Assigned task: Leave the pictures out, and transcribe the material below exactly from the line with "Parents and Children" to the line with "Kitty - ceramic earring dangles", both lines included.

Records for the exercise:
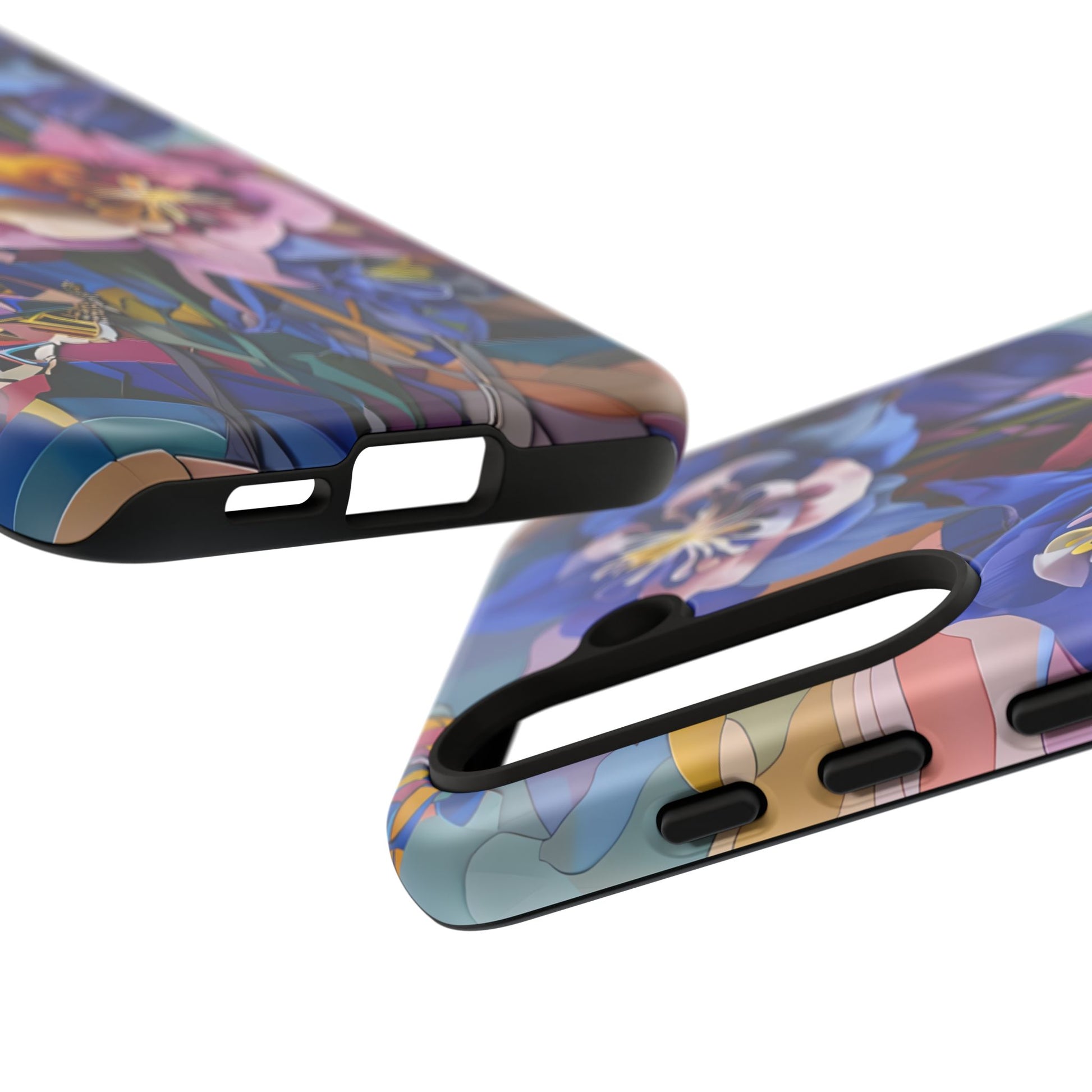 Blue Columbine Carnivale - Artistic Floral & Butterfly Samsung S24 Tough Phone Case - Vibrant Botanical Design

...

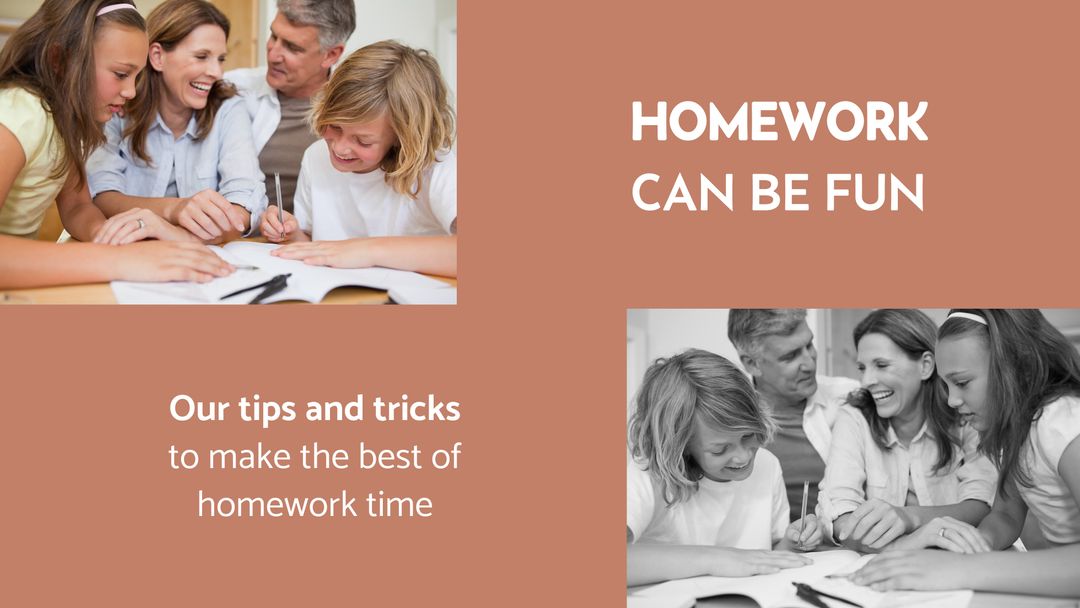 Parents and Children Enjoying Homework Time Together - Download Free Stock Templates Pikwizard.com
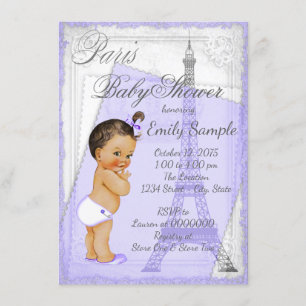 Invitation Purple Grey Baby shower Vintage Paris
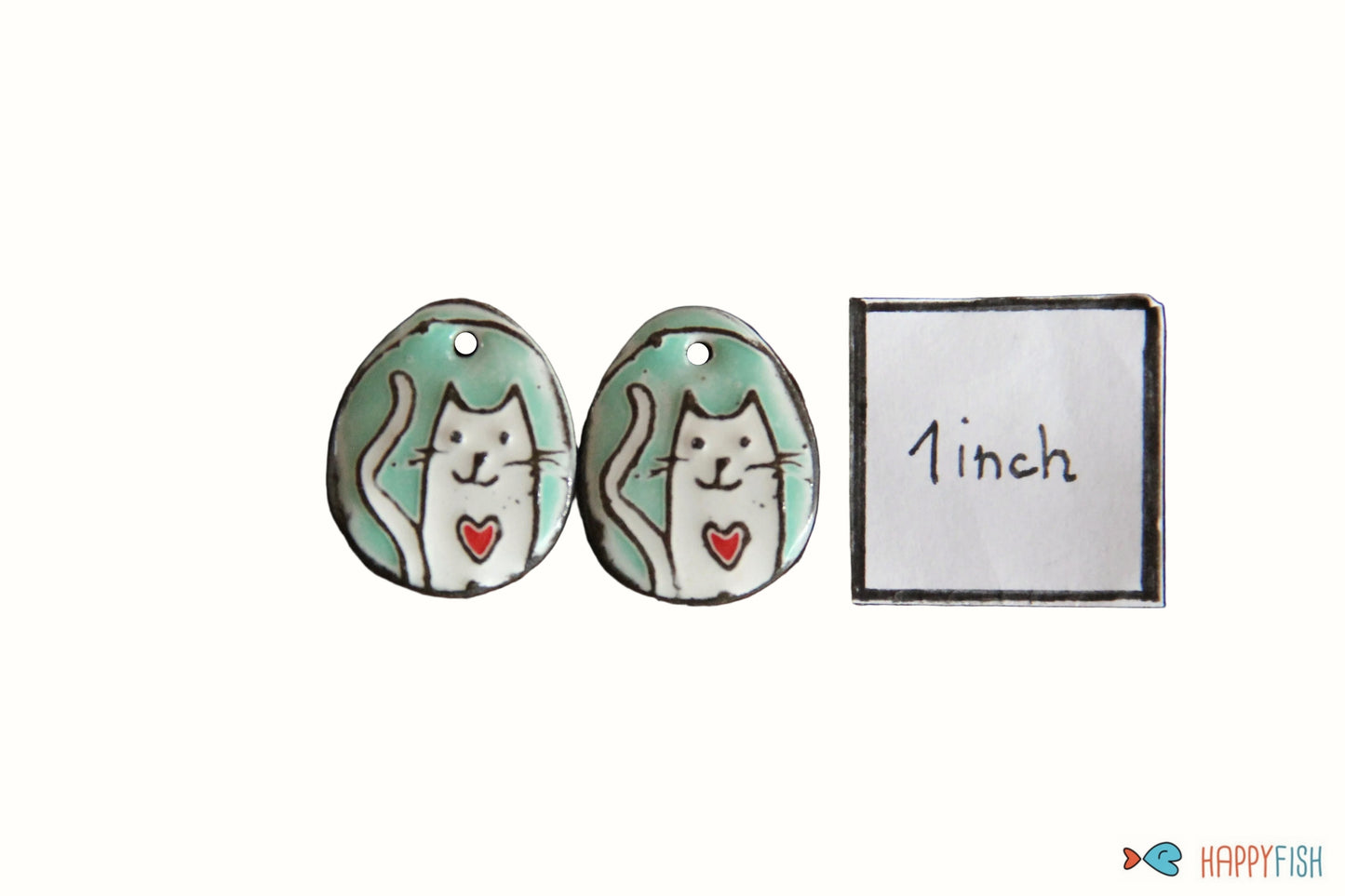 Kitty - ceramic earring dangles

Reply to the exercise:
 Parents and Children Enjoying Homework Time Together - Download Free Stock Templates Pikwizard.com
 Invitation Purple Grey Baby shower Vintage Paris
 Kitty - ceramic earring dangles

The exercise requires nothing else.